1. Intro to Data Curation Flashcards
What is data curation?
The process of preparing data for analytics
What is data science?
a multidisciplinary field that combines skills in computer science and statistics with domain experience. This combination of skills and experience is used to support the end-to-end analysis of large and diverse data sets, ultimately uncovering value for an organization and then communicating that value to stakeholders as actionable results.
What are the 6 phases of the Data Curation Lifecycle?
Finding
Exploring
Structuring
Cleansing
Updating
Archiving
What is a CPU?
The place where all the work or processing takes place on the
computer. The CPU can be thought of as the brain of the computer. It executes instructions supplied by programs and applications.
What is RAM?
Random Access Memory - the component that stores data for immediate use in CPU processing. RAM is volatile memory, meaning that when you turn your computer off, data in memory is lost. Memory serves as the intermediary between data stored physically on disk and the processing of that data.
What is structured data?
Data that has clearly defined columns and data types. Rows of data are stored in logical records where the fields or entries in each record pertain to a specific entity.
What is unstructured data?
Data that does not have a defined data model or schema. The column names, data types, and lengths are not defined and stored with the data. Examples include social media data, and audio and video files, and raw data.
What is Hadoop?
Hadoop is an open source, software framework that utilizes a cluster of computers for distributed storage and parallel processing of data.
What is a computer cluster?
A computer cluster is a grouping of multiple computers, connected by a local area network.
What is a node?
A computer in a cluster
What is distributed storage?
Distributed storage of data means that the data is stored in pieces across your computer cluster. Instead of having to fit an entire file on one disk on one computer, the file is broken into pieces and distributed across the nodes.
What is a data lake?
Data lakes are useful for storing structured and unstructured data.

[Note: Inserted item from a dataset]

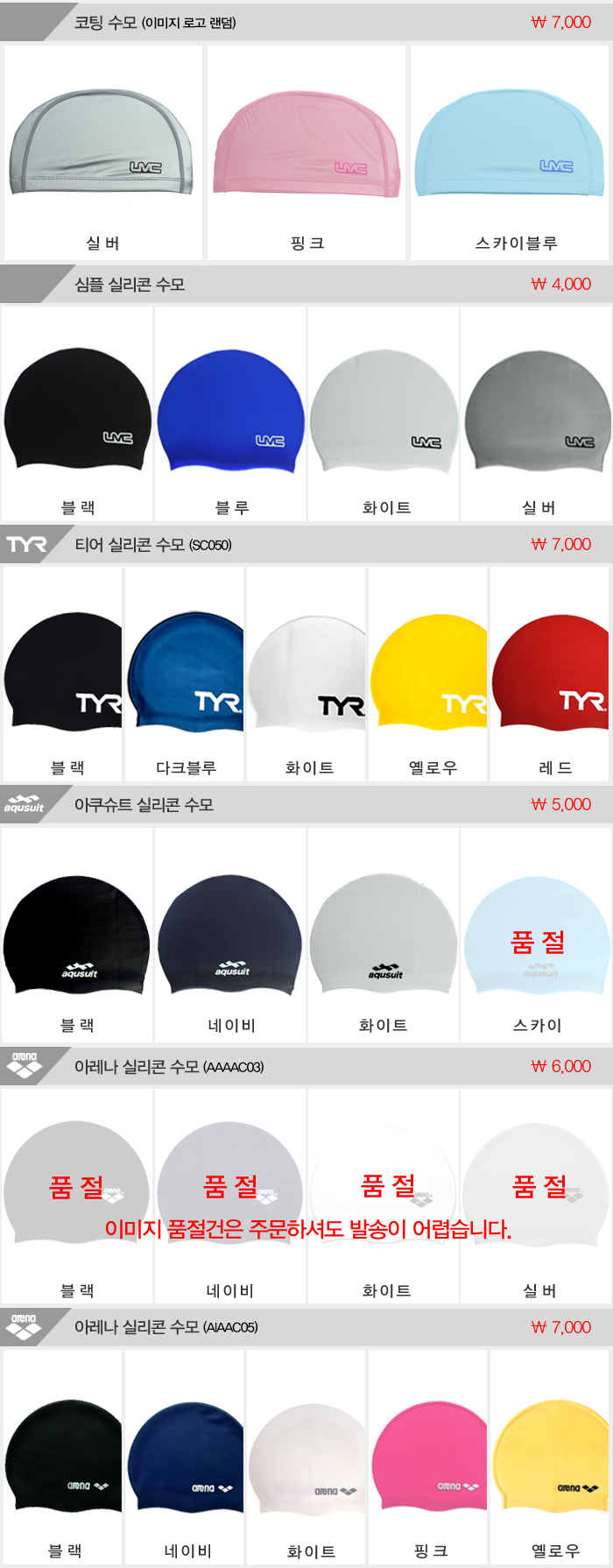 NEW SWIMMING GOGGLES 스완스 SR-3N-SMK 수경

They do not require your data to fit a certain structure or schema, and they enable you to store a large variety and volume of data together. With data lakes, the data can be dumped into storage as is and curated later in the process.
What is cloud storage?
Cloud storage enables you to store your data in a location that you cannot physically access, but you can still access easily through the internet. Your data isn’t sitting on a server in the basement of your office or on the hard drive of your desktop computer, but instead, it is stored on your cloud provider’s servers.
What are the 4 major resources of a computing environment?

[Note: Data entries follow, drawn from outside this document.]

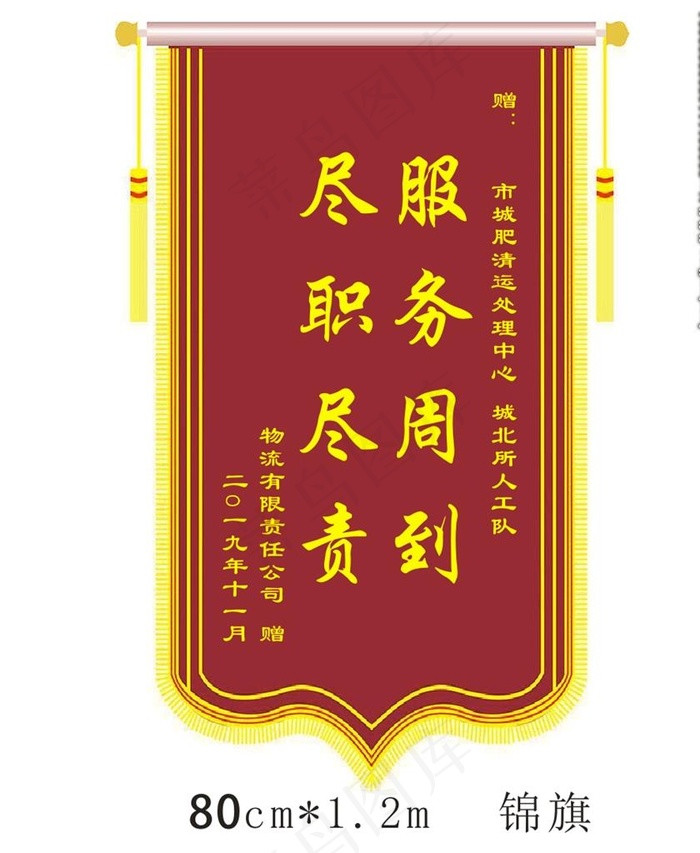 锦旗图片cdr矢量模版下载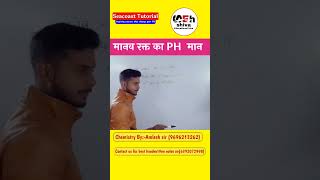 मानव रक्त का PH मान।। जानिए अमलेश सर से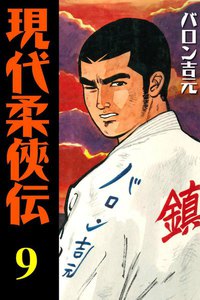 現代柔侠伝 (9) 電子書籍版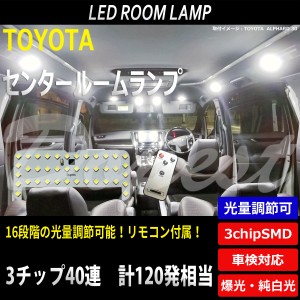 【期間限定価格】LED ルームランプ トヨタ車 専用 調光式 車内 室内 汎用 TOYOTA 明るさ 調節 ライト 球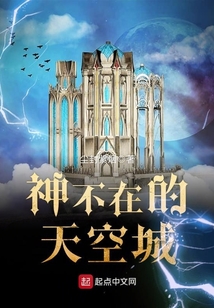 神不在的天空城
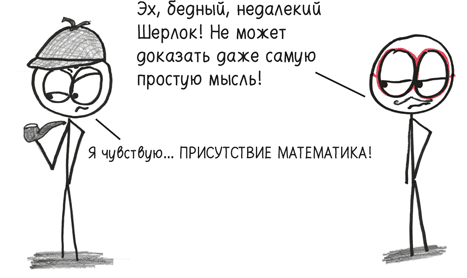Время переменных. Математический анализ в безумном мире Время переменных. Математический анализ в безумном мире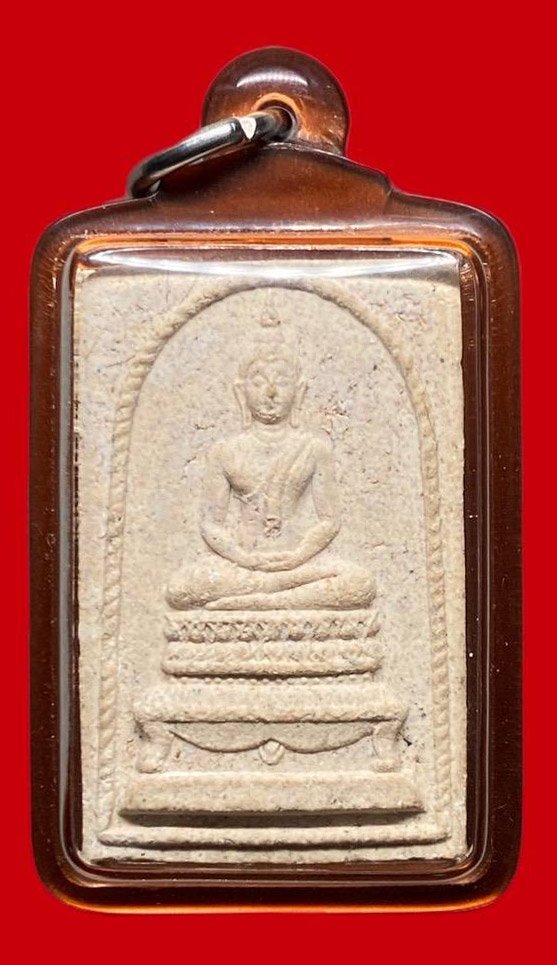 307978 หลวงปู่โต๊ะ กทม. วัดประดู่ฉิมพลี สมเด็จฐานสิงห์  อนุสรณ์สร้างโรงเรียน พิมพ์เนื้อผง ปี 2516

CPU, Memory, Storage, and Network
What is parallel processing?
The concept of breaking jobs into tasks that run simultaneously
What is grid computing?
Grid computing enables us to expand the resources that are available for processing and jobs beyond a single computer. Computer grids are created by connecting multiple computers together via a network in order to take advantage of all the processing power and resources available on those computers.
What is cloud computing?
a broad term that refers to immediate access to computing resources hosted over the internet. These resources can include software, data storage, processing power, and more.
What are the 3 broad service types of cloud computing?
Software as a Service (Saas)
Platform as a Service (PaaS)
Infrastructure as a Service (IaaS)
What is IaaS?
Providers of Infrastructure as a Service supply the infrastructure, which includes the basic computing resources and storage, and the users then build everything else that they need. When companies rely on IaaS providers, it can be thought of as renting servers, and their users can install operating systems and programs on the servers.
What is PaaS?
With PaaS, a provider offers more of the application stack than IaaS providers, adding operating systems, middleware (such as databases) and other runtimes into the cloud environment.” Users can develop applications without worrying about installing the operating system or dealing with maintenance or updates.